FIG. 1 is a block diagram illustrating computer system 100 including multi-function, direct memory access (DMA) core logic 200 to support multiple micro-commands defining operations to be performed on DMA data, in accordance with one embodiment. Representatively, computer system 100 comprises a processor system bus (front side bus (FSB)) 104 for communicating information between processor (CPU) 102 and chipset 130. As described herein, the term “chipset” is used in a manner to collectively describe the various devices coupled to CPU 102 to perform desired system functionality.
Representatively, chipset 130 may include memory controller hub 110 (MCH) coupled to graphics controller 150. In an alternative embodiment, graphics controller 150 is integrated into MCH, such that, in one embodiment, MCH 110 operates as an integrated graphics MCH (GMCH). Representatively, MCH 110 is also coupled to main memory 140 via memory bus 142. In one embodiment, main memory 140 may include, but is not limited to, random access memory (RAM), dynamic RAM (DRAM), static RAM (SRAM), synchronous DRAM (SDRAM), double data rate (DDR) SDRAM (DDR-SDRAM), Rambus DRAM (RDRAM) or any device capable of supporting high-speed buffering of data.
As further illustrated, chipset 130 includes an input/output (I/O) controller hub (ICH) 120. Representatively, ICH 120 may include a universal serial bus (USB) link or interconnect 162 to couple one or more USB slots 160 to ICH 120. Likewise, a serial advance technology attachment (SATA) 172 may couple hard disk drive devices (HDD) 170 to ICH 120. In addition, ICH 120 may include peripheral component interconnect (PCI)/PCI-X bus 182 to couple PCI slots 180 to ICH 120, such as small computer system interface (SCSI) 190 coupled to redundant array of independent disk (RAID) disk array 192. In one embodiment, system BIOS 106 initializes computer system 100.
Representatively, ICH 120 enables communication between the various peripheral devices coupled to ICH and chipset 130. As described herein, each device, or I/O card that resides on an I/O bus, such as USB bus 162 or PCI-X bus 182 are referred to herein as “bus agents.” Bus agents are generally divided into symmetric agents and priority agents, such that priority agents are awarded ownership when competing with symmetric agents for bus ownership.
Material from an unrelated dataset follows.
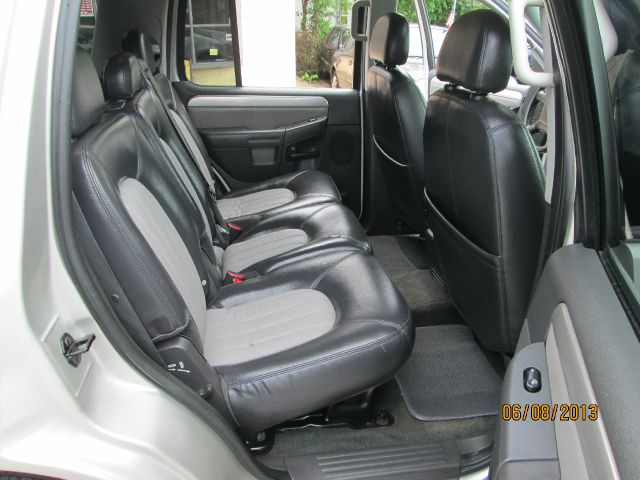 Mercury Mountaineer 2004 photo 5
Such arbitration is required since bus agents are generally not allowed to simultaneously drive the bus to issue transactions.
As described herein, the term “transaction” is defined as bus activity related to a single bus access request. Generally, a transaction may begin with bus arbitration and the assertion of a signal to propagate a transaction address. A transaction, as defined by the Intel® architecture (IA) specification, may include several phases, each phase using a specific set of signals to communicate a particular type of information. Phases may include at least an arbitration phase (for bus ownership), a request phase, a response phase and a data transfer phase.
Within computer systems, such as computer system 100, memory access latency or the time required to write or read data from main memory 140 is often seen as a system bottleneck. Conventionally, main memory access by I/O devices is performed using programmed I/O transfers in which a CPU issues a bus transaction to either read or write data to/form memory for the I/O device. Accordingly, one technique for alleviating the memory bottleneck is DMA. DMA is a capability provided by advanced architectures which allows direct transmission of data from an attached device to main memory, without involving the CPU. As a result, the system's CPU is free from involvement with the data transfer, thus speeding up overall computer operation.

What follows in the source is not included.